**Task description**
From the line with "Firma de convenio" to the line with "Internationale evacuaties op", output every line below exactly, both ends included. Skip the pictures.

**Supplied records**
----

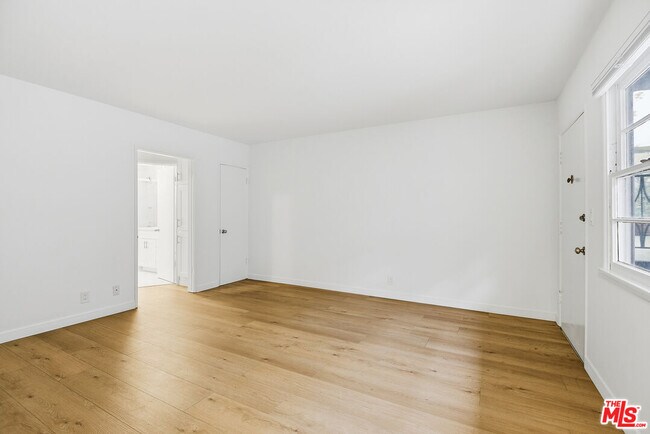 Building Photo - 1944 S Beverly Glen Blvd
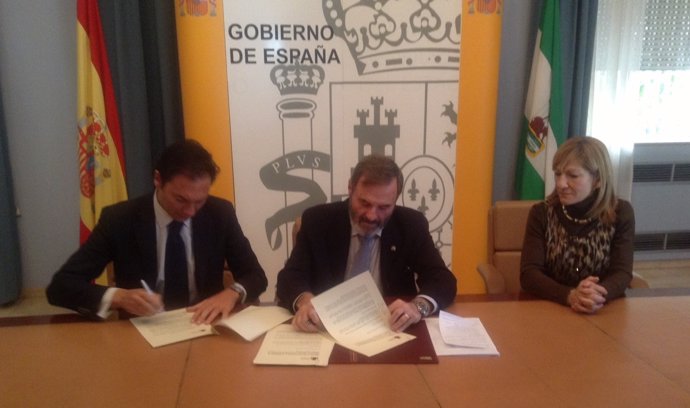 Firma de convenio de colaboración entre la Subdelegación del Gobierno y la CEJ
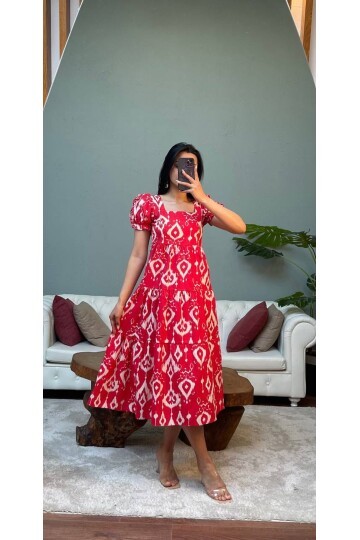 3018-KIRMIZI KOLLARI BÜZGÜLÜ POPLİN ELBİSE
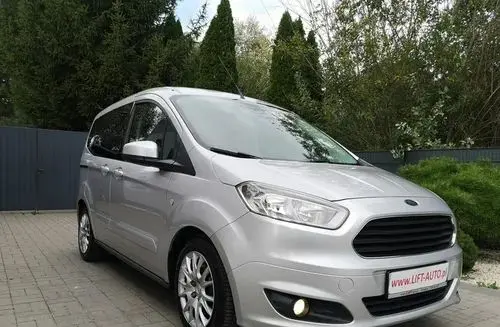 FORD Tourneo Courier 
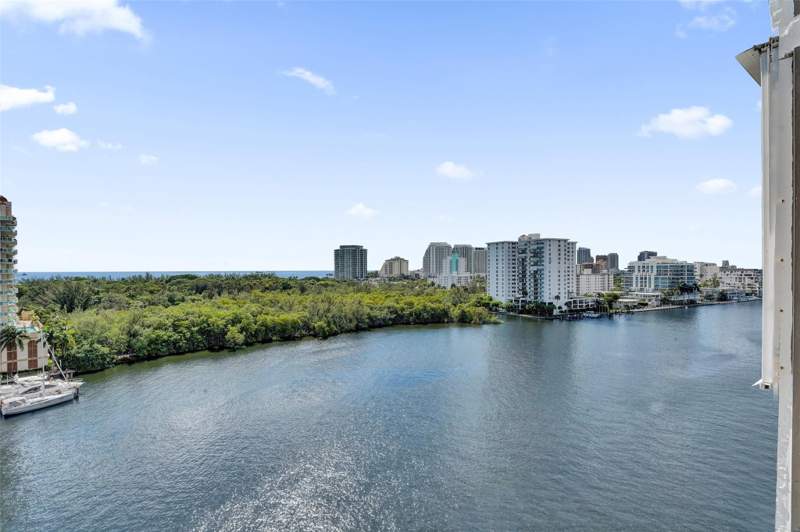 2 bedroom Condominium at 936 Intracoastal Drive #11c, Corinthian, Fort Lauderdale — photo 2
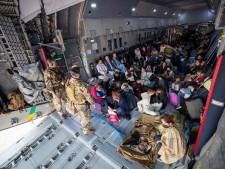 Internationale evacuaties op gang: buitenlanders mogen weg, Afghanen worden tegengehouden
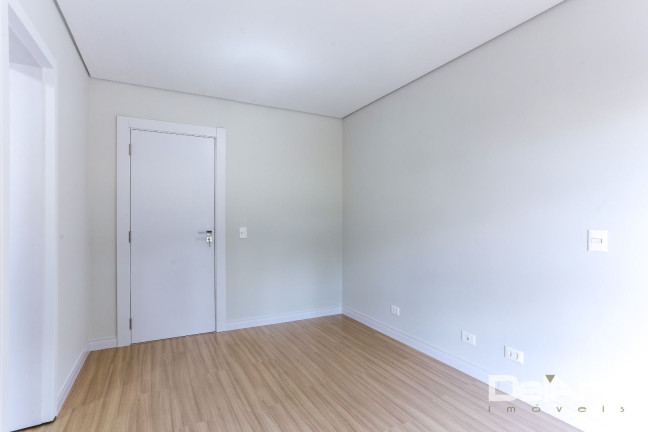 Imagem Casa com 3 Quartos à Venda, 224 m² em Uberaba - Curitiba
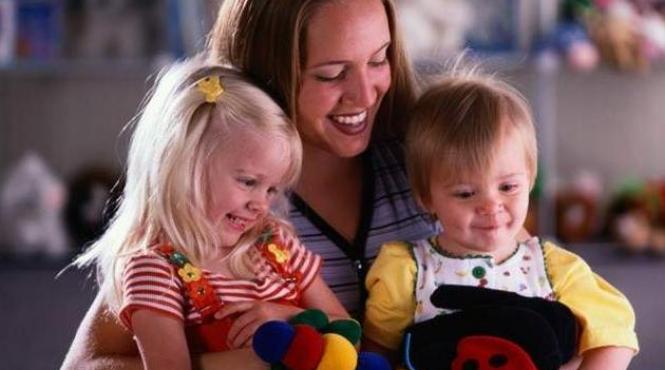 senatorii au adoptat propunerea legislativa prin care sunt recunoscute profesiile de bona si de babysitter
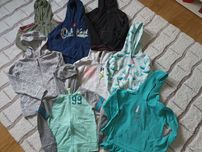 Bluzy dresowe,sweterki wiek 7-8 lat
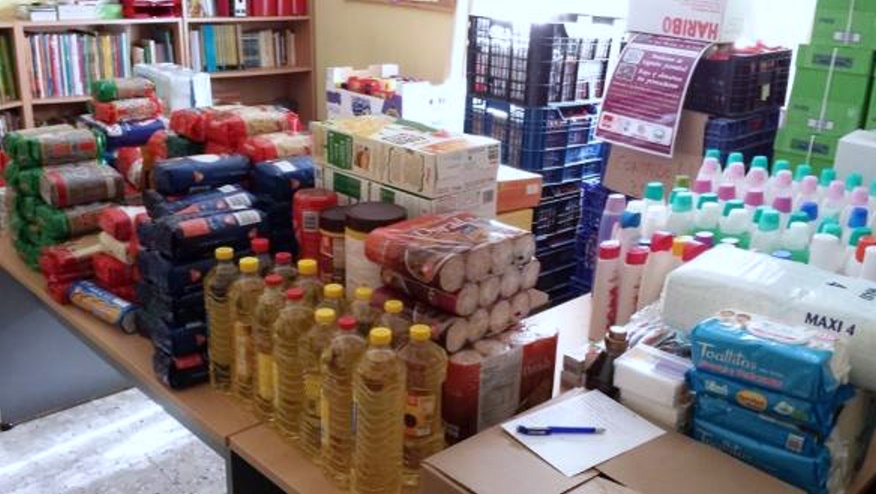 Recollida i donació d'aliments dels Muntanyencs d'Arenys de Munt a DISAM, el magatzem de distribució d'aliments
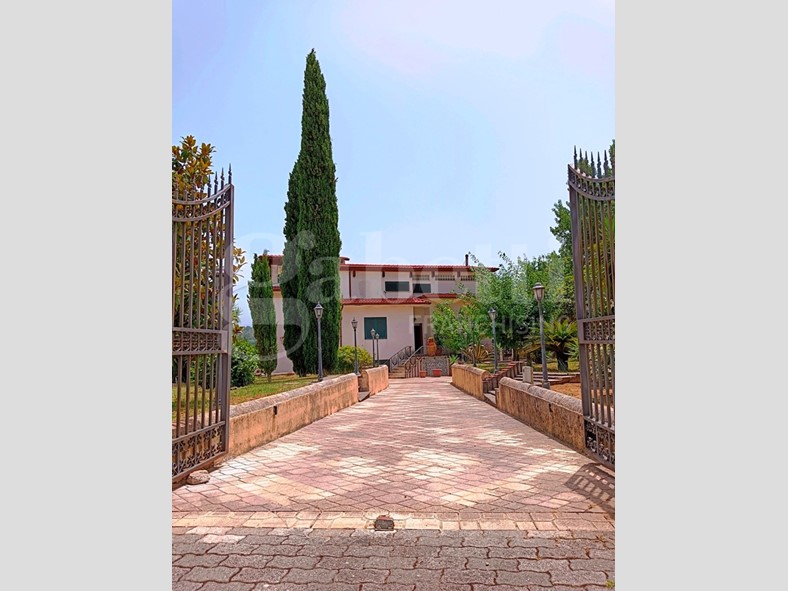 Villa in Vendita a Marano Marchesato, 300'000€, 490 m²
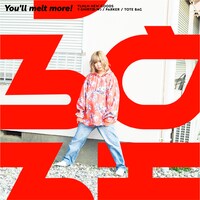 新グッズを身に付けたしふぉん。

----

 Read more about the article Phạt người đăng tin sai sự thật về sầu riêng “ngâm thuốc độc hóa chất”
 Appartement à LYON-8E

----

**Answer below**
 Firma de convenio de colaboración entre la Subdelegación del Gobierno y la CEJ
 3018-KIRMIZI KOLLARI BÜZGÜLÜ POPLİN ELBİSE
 FORD Tourneo Courier 
 2 bedroom Condominium at 936 Intracoastal Drive #11c, Corinthian, Fort Lauderdale — photo 2
 Internationale evacuaties op gang: buitenlanders mogen weg, Afghanen worden tegengehouden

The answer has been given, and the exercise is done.